DATA IN THIS EXERCISE
+++++

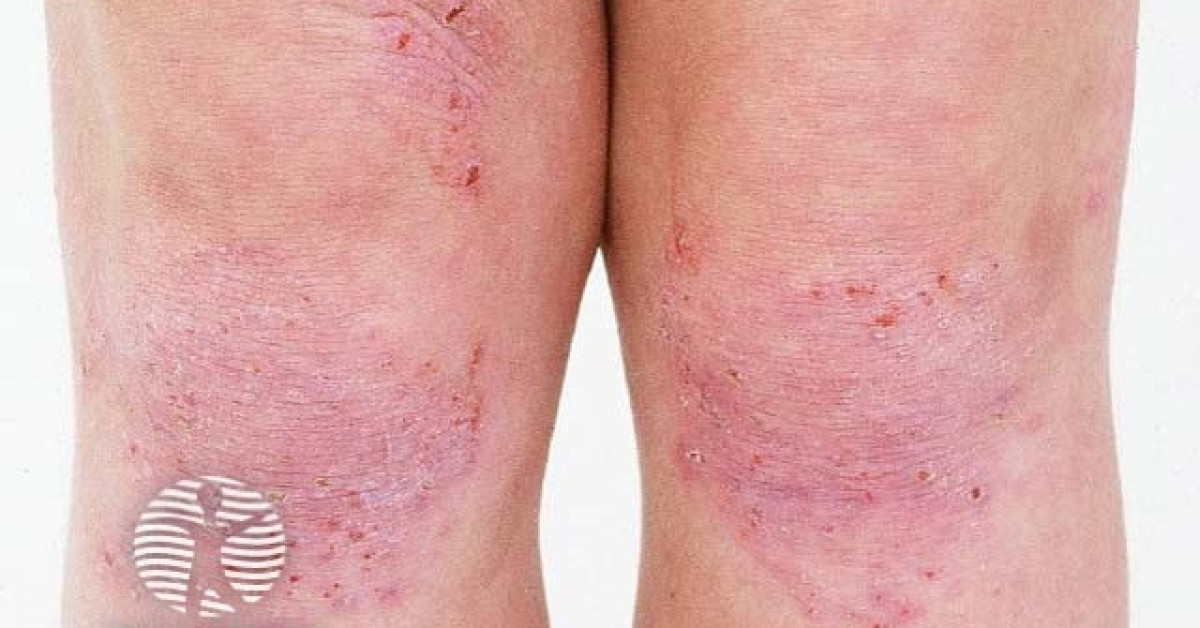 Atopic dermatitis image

+++++

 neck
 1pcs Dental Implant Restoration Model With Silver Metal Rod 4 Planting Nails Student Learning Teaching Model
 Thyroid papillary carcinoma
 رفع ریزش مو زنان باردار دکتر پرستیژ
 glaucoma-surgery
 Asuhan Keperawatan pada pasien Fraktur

+++++

WHAT IS NEEDED
Looking at the data above, return every line from the one with "Thyroid papillary carcinoma" down to the one with "Asuhan Keperawatan pada pasien Fraktur", exactly and inclusively.

REPLY TO THE TASK
 Thyroid papillary carcinoma
 رفع ریزش مو زنان باردار دکتر پرستیژ
 glaucoma-surgery
 Asuhan Keperawatan pada pasien Fraktur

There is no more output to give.